I think an optimal system is resources are no issue is to have an app that allows the teacher to ask every student in attendance questions.
It creates makes the teaching process more interactive and it also requires attendance.
What resources would be required for this?
On what platform? As I commented on another reply, many of our student attendees come from poor districts so I don't want to assume every student has a smartphone.
The cheapest android phone I can find seems to be sold for 32.17$ (Rs. 1,999) in India (http://gadgets.ndtv.com/mobiles/news/jivi-launches-cheapest-android-based-smartphone-in-india-at-rs-1999-594264).
Likely Android and IOS.
The cheapest android phone you can find is used, a few years old, and your neighbour is selling it for 5 euros...

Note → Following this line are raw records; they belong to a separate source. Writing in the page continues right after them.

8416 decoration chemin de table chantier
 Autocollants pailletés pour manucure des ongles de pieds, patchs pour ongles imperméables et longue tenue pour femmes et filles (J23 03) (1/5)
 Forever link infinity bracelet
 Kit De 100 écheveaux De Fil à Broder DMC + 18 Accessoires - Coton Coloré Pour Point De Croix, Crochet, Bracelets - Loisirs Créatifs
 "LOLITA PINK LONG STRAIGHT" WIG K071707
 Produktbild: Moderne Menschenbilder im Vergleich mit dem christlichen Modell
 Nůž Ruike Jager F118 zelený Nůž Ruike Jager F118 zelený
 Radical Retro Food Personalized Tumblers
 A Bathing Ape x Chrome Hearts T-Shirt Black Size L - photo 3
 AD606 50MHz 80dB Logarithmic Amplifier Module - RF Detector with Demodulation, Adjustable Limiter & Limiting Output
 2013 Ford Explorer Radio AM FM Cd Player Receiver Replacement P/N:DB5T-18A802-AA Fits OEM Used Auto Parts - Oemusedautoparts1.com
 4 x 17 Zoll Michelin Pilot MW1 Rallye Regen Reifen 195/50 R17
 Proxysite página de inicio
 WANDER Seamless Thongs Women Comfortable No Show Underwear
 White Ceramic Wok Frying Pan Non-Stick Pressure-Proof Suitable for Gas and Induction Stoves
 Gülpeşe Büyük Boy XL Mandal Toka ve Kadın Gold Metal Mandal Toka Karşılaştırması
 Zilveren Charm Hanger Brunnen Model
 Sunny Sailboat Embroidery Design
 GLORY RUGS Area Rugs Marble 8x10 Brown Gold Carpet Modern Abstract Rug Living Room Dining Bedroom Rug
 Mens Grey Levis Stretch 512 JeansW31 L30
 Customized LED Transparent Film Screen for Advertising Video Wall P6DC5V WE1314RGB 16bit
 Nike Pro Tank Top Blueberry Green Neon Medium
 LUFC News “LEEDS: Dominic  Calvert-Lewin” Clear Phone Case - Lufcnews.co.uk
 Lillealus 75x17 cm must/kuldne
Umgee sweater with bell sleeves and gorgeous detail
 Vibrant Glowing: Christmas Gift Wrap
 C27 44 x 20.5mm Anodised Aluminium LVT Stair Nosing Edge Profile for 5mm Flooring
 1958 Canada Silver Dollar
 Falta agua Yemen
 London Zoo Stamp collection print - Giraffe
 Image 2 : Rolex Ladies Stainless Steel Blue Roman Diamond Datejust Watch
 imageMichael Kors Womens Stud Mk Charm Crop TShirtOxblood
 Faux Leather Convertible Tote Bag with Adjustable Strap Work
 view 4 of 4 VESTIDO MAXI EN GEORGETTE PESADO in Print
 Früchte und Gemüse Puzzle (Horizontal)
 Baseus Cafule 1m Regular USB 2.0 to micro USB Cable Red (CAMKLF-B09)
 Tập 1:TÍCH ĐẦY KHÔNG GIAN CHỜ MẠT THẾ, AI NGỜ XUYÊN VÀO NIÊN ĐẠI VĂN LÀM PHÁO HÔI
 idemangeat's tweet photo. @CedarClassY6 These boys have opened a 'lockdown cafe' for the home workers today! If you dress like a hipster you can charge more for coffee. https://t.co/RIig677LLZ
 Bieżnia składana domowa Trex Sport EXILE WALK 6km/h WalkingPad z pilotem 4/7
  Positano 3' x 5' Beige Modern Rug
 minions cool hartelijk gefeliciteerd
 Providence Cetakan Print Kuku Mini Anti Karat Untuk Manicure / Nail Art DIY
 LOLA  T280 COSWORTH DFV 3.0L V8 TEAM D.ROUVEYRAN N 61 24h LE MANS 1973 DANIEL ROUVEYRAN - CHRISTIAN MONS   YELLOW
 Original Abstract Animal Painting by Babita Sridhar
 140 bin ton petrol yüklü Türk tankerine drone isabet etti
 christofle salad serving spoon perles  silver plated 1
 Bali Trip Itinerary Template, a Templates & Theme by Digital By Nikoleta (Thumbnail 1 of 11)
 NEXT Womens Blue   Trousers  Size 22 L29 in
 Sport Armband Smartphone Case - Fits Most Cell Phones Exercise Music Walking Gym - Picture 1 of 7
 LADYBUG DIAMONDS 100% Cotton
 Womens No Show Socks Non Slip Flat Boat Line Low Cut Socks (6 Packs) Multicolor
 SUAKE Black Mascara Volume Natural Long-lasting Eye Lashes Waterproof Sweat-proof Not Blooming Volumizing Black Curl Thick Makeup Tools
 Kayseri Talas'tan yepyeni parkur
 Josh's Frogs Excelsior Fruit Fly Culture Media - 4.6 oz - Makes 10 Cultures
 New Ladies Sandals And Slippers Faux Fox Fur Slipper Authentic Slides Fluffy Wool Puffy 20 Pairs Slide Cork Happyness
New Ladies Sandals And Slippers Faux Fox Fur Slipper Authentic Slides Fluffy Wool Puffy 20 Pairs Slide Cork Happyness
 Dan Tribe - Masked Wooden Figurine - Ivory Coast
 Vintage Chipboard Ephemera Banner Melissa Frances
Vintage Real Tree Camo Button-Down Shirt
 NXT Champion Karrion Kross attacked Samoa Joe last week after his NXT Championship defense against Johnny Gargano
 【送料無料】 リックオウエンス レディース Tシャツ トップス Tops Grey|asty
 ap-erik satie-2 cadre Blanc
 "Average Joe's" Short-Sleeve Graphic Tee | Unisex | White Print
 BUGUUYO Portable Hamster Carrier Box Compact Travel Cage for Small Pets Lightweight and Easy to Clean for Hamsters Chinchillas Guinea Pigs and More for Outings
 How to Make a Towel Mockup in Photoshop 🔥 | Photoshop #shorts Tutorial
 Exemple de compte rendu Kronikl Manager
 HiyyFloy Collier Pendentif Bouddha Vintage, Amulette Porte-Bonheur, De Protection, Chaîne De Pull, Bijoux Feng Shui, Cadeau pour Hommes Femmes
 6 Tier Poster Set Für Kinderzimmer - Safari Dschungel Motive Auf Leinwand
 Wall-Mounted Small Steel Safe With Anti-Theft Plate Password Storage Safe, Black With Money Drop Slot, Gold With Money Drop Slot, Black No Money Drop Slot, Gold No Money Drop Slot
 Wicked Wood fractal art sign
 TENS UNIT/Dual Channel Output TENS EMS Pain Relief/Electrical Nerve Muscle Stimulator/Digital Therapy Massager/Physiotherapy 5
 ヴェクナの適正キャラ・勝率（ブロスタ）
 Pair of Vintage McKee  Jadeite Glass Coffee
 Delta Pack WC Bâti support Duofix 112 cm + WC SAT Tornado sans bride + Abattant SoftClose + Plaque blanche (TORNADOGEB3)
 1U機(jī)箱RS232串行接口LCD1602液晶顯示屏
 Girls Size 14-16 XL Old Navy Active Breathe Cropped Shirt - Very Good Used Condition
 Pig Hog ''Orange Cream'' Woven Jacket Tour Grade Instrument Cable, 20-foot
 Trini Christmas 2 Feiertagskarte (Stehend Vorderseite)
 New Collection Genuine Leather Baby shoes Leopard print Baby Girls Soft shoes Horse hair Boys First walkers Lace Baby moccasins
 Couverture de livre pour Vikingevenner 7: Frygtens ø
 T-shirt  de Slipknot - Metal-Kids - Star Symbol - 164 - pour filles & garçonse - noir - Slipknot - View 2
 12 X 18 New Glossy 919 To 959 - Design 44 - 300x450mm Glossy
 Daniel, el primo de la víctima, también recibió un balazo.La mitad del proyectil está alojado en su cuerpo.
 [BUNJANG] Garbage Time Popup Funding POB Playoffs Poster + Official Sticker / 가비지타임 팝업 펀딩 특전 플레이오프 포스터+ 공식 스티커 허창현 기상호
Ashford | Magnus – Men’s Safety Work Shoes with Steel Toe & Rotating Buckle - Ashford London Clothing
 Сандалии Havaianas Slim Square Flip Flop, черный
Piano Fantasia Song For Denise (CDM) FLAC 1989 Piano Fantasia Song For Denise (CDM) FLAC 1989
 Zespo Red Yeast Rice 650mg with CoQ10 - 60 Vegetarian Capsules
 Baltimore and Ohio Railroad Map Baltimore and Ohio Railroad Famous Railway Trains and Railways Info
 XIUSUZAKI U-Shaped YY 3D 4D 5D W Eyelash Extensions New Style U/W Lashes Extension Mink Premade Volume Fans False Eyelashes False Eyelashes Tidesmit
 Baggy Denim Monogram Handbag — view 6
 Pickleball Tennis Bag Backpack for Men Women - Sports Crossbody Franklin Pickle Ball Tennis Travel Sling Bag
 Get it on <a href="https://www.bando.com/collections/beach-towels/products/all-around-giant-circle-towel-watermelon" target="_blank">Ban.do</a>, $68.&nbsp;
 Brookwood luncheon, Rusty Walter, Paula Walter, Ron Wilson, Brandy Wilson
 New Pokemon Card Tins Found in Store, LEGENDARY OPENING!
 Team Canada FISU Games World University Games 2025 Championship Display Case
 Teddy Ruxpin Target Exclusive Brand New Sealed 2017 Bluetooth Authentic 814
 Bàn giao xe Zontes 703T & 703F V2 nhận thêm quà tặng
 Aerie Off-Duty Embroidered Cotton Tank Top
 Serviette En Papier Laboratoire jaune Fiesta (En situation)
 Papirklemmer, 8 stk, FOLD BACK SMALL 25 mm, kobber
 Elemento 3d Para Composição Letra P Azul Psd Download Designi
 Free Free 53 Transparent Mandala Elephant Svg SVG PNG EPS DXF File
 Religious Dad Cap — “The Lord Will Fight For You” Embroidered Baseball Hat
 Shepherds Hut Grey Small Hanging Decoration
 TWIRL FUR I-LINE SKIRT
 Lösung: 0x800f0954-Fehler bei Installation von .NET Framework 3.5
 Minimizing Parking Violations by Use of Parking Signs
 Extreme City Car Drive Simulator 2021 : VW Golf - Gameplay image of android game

I wouldn't know where to buy 100 phones for 5€ each.
The Amazon reviews suggest that it's a really terrible phone.
(It's also worth noting that in many cases most of the cost of owning a smartphone isn't in the nominal price of the device but in what you pay for network service. If you buy that smartphone, how much more do you have to pay to make it actually connect to the internet?)
I think most universities do have WLan in which devices can login.
On Amazon.com there LG Realm for 40$ and Kyocera Event for 30$. The LG Realm has 4.4 out of 5 stars average on Amazon.
Unless you treat that smartphone as not a phone, but a tiny computer. Wi-Fi is free, usually.